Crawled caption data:
>>
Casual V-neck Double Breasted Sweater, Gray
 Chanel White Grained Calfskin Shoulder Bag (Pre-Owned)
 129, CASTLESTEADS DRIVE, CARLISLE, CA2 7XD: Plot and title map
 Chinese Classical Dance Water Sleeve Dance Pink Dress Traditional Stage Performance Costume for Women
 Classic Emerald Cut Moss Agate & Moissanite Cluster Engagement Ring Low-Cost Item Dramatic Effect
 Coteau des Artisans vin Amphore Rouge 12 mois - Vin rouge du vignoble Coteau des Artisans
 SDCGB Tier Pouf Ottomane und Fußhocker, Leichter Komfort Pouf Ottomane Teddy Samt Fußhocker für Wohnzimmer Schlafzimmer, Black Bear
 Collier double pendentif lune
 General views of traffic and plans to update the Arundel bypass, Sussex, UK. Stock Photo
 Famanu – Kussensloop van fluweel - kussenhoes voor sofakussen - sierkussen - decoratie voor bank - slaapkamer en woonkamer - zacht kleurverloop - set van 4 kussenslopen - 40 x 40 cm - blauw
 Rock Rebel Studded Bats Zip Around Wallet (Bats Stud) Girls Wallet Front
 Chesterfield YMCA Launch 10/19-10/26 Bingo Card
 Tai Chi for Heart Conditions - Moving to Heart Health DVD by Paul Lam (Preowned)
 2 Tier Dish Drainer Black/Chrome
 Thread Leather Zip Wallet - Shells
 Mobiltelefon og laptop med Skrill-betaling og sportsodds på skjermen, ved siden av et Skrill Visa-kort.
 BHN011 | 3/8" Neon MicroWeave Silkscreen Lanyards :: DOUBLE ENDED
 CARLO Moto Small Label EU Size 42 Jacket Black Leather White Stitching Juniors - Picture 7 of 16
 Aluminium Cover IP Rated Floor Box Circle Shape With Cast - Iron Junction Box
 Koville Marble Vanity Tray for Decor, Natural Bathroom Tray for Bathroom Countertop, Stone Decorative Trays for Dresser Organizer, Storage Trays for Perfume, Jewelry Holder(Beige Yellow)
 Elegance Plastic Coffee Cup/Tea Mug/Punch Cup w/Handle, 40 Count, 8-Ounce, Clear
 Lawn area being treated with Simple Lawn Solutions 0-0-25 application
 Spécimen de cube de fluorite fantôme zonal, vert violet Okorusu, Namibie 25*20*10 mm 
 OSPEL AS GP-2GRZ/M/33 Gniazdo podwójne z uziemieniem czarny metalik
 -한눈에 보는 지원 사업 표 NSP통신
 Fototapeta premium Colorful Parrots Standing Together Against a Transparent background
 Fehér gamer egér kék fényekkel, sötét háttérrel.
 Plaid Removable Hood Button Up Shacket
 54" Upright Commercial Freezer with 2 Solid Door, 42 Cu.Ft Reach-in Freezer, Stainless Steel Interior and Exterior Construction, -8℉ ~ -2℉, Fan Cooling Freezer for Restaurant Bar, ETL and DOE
<<
EXERCISE:
Using the data above, transcribe the lines that run from the line with "Coteau des Artisans vin" to the line with "OSPEL AS GP-2GRZ/M/33", both ends kept, and output nothing else.

REPLY:
 Coteau des Artisans vin Amphore Rouge 12 mois - Vin rouge du vignoble Coteau des Artisans
 SDCGB Tier Pouf Ottomane und Fußhocker, Leichter Komfort Pouf Ottomane Teddy Samt Fußhocker für Wohnzimmer Schlafzimmer, Black Bear
 Collier double pendentif lune
 General views of traffic and plans to update the Arundel bypass, Sussex, UK. Stock Photo
 Famanu – Kussensloop van fluweel - kussenhoes voor sofakussen - sierkussen - decoratie voor bank - slaapkamer en woonkamer - zacht kleurverloop - set van 4 kussenslopen - 40 x 40 cm - blauw
 Rock Rebel Studded Bats Zip Around Wallet (Bats Stud) Girls Wallet Front
 Chesterfield YMCA Launch 10/19-10/26 Bingo Card
 Tai Chi for Heart Conditions - Moving to Heart Health DVD by Paul Lam (Preowned)
 2 Tier Dish Drainer Black/Chrome
 Thread Leather Zip Wallet - Shells
 Mobiltelefon og laptop med Skrill-betaling og sportsodds på skjermen, ved siden av et Skrill Visa-kort.
 BHN011 | 3/8" Neon MicroWeave Silkscreen Lanyards :: DOUBLE ENDED
 CARLO Moto Small Label EU Size 42 Jacket Black Leather White Stitching Juniors - Picture 7 of 16
 Aluminium Cover IP Rated Floor Box Circle Shape With Cast - Iron Junction Box
 Koville Marble Vanity Tray for Decor, Natural Bathroom Tray for Bathroom Countertop, Stone Decorative Trays for Dresser Organizer, Storage Trays for Perfume, Jewelry Holder(Beige Yellow)
 Elegance Plastic Coffee Cup/Tea Mug/Punch Cup w/Handle, 40 Count, 8-Ounce, Clear
 Lawn area being treated with Simple Lawn Solutions 0-0-25 application
 Spécimen de cube de fluorite fantôme zonal, vert violet Okorusu, Namibie 25*20*10 mm 
 OSPEL AS GP-2GRZ/M/33 Gniazdo podwójne z uziemieniem czarny metalik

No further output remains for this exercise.